TEHERAN: Un haut responsable iranien a affirmé jeudi que le détroit d'Ormuz restait sous le contrôle de l'Iran, après que le président américain Donald Trump a revendiqué la veille le contrôle américain de ce détroit stratégique.

"Aujourd'hui, vous voyez que le détroit d'Ormuz est sous la gestion et le contrôle de la République islamique, et que notre pays poursuit sa trajectoire en toute sécurité", a déclaré selon la télévision d'Etat Hossein Taeb, chef des forces paramilitaires du Bassidj, affiliées aux Gardiens de la Révolution, la puissante force armée de la République islamique.

Donald Trump, qui semble désormais privilégier une approche plus attentiste face à l'Iran, a répété mercredi sur son réseau Truth Social que les Etats-Unis avaient un contrôle "total" du détroit d'Ormuz et allaient le "garder".

Dans les faits, ce passage stratégique pour le commerce mondial de pétrole est verrouillé par l'Iran, alors que les Etats-Unis imposent de leur côté un blocus aux ports iraniens.

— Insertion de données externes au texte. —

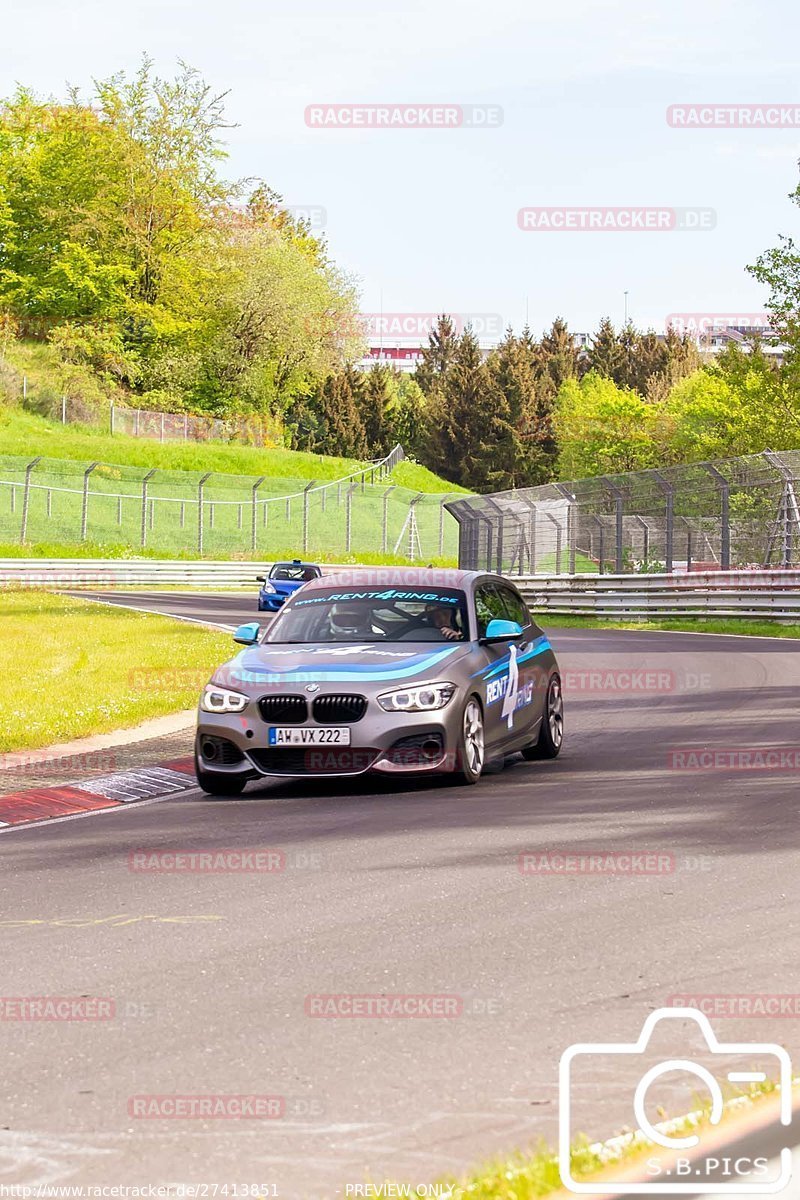 Bild #27413851 - Touristenfahrten Nürburgring Nordschleife (11.05.2024)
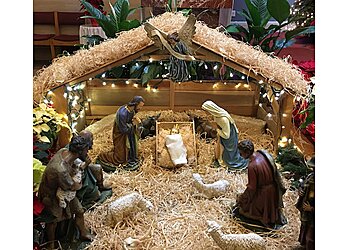 Sacramento Churches Divine Mercy Catholic Church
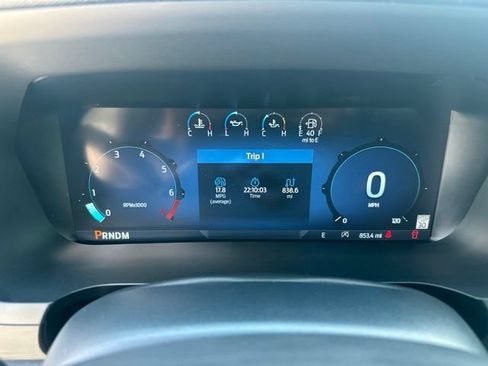 New 2026 Ford F150 XLT w/ Equipment Group 302A MID AWD/4WD image 22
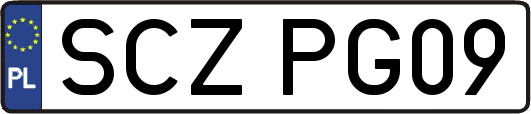 SCZPG09
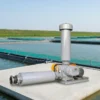 Roots Blower, LOGTTECH, 220V, Cast - view 4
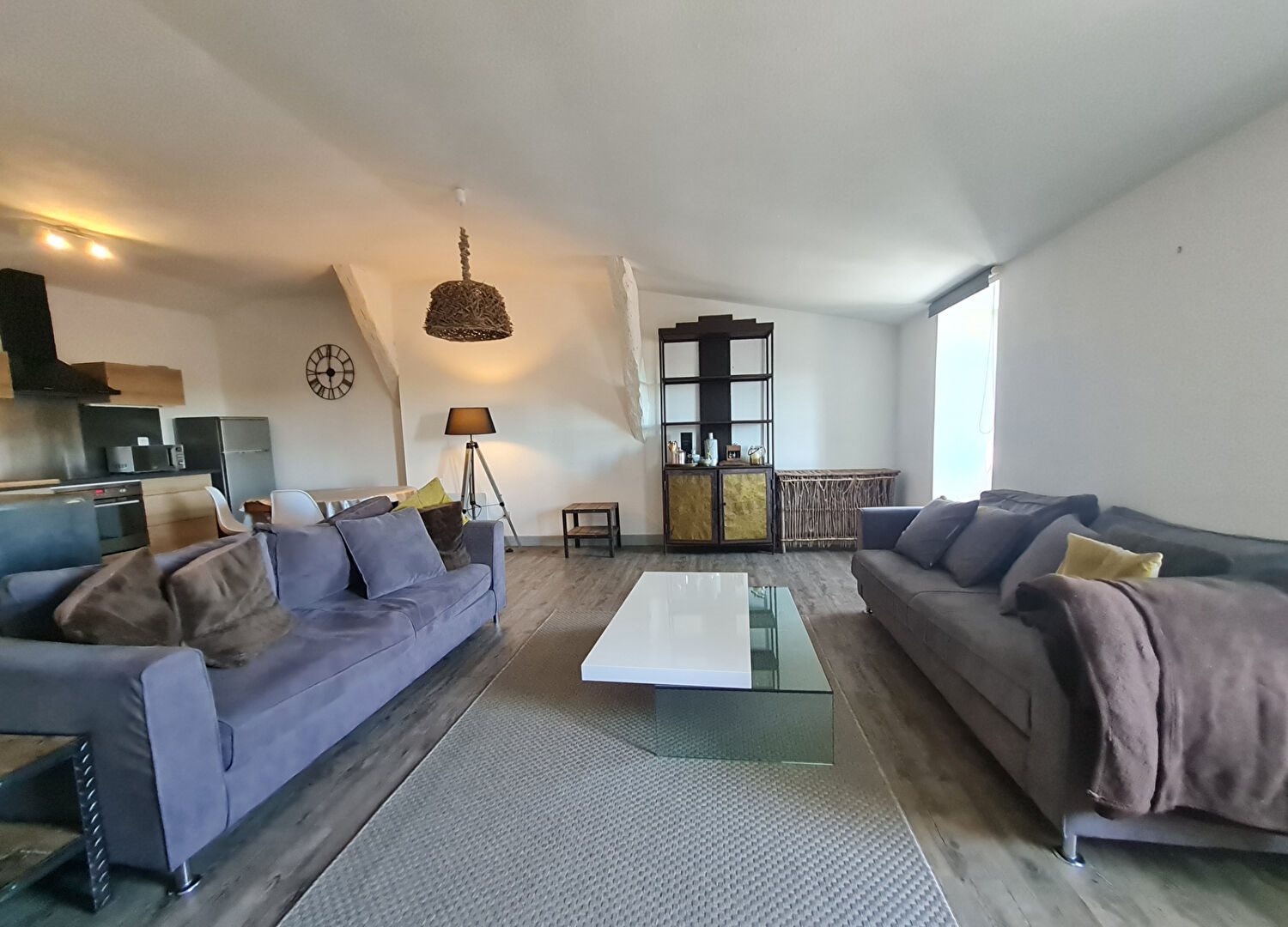 Appartement à vendre, 107m², Lectoure
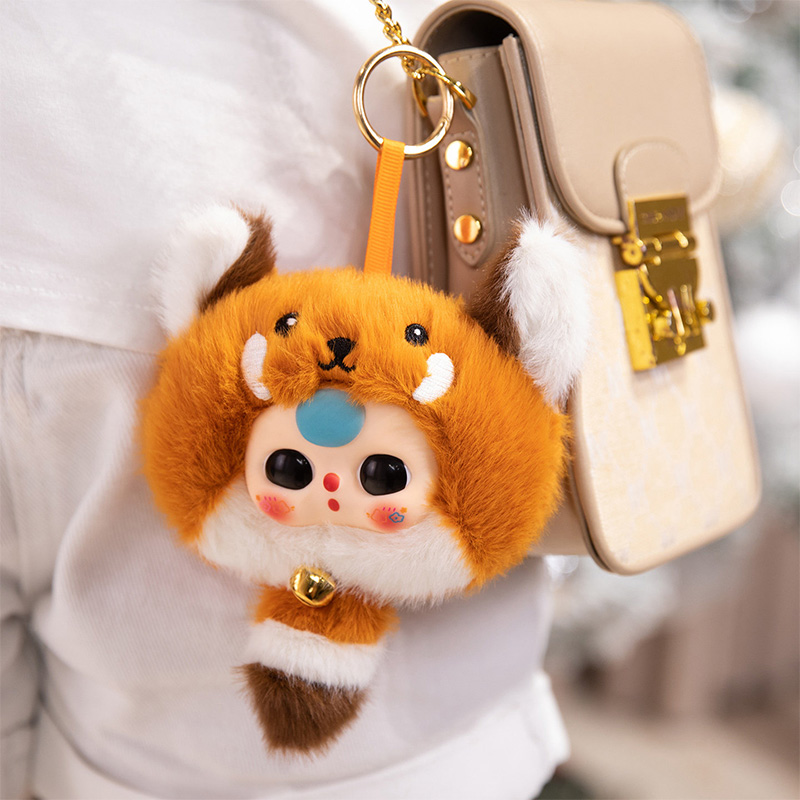 Hot 12/23cm Cartoon Elf Three  – обзор и цена Kids Toys Bag
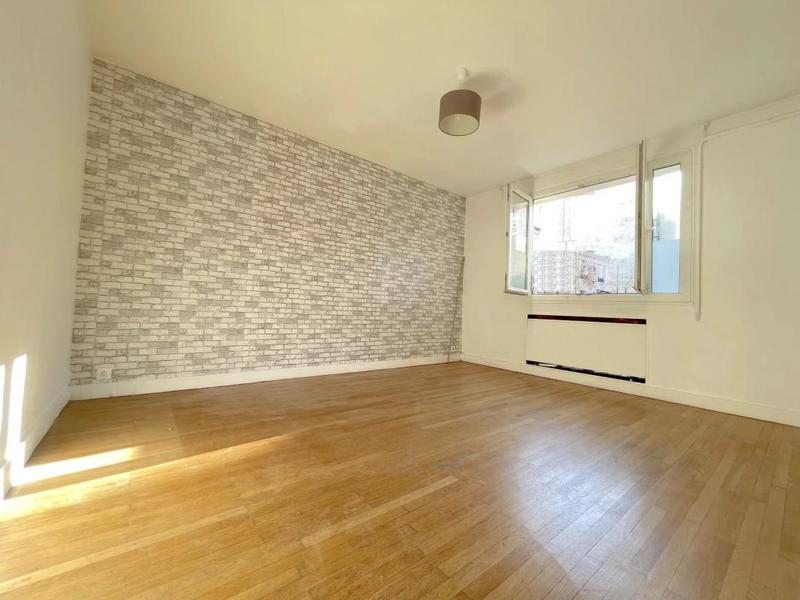 Appartement - 96 m² - 4 pièces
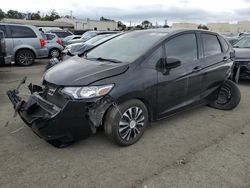 2016 Honda FIT LX en venta en Martinez, CA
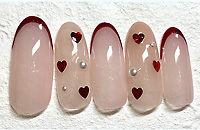 ビューティネイル：202401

Les hostilités ont repris entre les deux pays début juillet, quand le protocole d'accord conclu en juin pour mettre durablement fin à la guerre au Moyen-Orient a volé en éclat.

Les frappes se sont depuis atténuées, Donald Trump assurant que des négociations étaient en cours avec l'Iran, qui a démenti, assurant de son côté ne parler qu'avec Oman d'un futur itinéraire pour franchir le détroit d'Ormuz.